Goal of the exercise: Look through the records below for the line with "The Emergence of" and the line with "Jack Russell pup", then return those lines and all lines between, exactly.

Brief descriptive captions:
◇ ◇ ◇ ◇ ◇ ◇ ◇

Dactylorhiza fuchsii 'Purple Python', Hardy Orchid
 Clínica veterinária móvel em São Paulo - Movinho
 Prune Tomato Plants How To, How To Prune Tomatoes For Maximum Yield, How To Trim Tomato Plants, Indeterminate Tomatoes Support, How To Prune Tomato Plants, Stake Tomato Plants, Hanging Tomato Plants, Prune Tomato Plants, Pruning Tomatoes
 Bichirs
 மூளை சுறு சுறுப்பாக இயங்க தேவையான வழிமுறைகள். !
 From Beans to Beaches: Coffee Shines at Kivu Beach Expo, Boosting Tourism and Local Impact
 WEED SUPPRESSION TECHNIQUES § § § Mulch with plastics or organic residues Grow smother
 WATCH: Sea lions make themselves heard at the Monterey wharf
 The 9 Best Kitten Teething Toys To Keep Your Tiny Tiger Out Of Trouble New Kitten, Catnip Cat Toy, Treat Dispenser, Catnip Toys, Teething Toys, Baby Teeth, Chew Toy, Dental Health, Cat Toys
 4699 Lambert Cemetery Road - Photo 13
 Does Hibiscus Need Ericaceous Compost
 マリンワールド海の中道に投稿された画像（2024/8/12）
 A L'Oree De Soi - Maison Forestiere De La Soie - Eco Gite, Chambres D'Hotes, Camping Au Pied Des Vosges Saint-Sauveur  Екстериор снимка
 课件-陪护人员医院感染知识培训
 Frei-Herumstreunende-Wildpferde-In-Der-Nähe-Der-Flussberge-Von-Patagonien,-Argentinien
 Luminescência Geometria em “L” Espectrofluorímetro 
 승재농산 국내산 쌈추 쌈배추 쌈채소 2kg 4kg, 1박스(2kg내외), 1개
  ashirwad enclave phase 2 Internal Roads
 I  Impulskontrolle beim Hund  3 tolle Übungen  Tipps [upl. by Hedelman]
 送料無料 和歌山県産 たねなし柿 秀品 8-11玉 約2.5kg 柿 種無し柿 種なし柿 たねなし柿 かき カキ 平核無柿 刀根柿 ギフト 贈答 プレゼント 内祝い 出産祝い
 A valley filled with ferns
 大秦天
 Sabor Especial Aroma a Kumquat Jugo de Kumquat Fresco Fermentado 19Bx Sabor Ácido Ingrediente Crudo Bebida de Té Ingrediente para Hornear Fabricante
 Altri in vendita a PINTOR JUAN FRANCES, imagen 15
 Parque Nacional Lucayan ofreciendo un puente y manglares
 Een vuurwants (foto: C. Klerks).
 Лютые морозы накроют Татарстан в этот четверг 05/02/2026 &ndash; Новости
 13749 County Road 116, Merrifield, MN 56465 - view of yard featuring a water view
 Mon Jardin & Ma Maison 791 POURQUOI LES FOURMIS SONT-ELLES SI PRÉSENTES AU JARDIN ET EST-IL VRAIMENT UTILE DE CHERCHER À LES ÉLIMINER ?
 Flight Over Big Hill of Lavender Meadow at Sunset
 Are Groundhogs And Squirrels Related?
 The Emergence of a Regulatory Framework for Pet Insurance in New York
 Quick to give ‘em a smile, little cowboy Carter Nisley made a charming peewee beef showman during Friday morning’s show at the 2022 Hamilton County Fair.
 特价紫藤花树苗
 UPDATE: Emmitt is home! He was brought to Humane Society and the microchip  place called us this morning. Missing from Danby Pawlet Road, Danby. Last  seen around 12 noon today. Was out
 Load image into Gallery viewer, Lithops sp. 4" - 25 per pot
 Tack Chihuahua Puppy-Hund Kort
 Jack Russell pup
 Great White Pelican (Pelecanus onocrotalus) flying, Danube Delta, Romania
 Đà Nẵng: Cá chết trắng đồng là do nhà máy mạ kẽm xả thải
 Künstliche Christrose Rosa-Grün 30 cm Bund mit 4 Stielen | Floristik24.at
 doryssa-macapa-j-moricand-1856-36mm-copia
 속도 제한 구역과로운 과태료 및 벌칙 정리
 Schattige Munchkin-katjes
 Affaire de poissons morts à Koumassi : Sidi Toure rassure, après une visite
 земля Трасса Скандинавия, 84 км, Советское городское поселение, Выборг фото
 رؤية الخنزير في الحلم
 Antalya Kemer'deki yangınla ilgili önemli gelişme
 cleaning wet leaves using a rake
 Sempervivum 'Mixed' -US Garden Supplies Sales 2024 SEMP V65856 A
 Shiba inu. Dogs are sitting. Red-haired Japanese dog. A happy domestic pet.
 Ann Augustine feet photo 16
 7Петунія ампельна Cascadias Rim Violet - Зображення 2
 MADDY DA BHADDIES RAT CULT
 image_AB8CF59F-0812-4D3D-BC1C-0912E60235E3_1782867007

◇ ◇ ◇ ◇ ◇ ◇ ◇

Solution to this task:
 The Emergence of a Regulatory Framework for Pet Insurance in New York
 Quick to give ‘em a smile, little cowboy Carter Nisley made a charming peewee beef showman during Friday morning’s show at the 2022 Hamilton County Fair.
 特价紫藤花树苗
 UPDATE: Emmitt is home! He was brought to Humane Society and the microchip  place called us this morning. Missing from Danby Pawlet Road, Danby. Last  seen around 12 noon today. Was out
 Load image into Gallery viewer, Lithops sp. 4" - 25 per pot
 Tack Chihuahua Puppy-Hund Kort
 Jack Russell pup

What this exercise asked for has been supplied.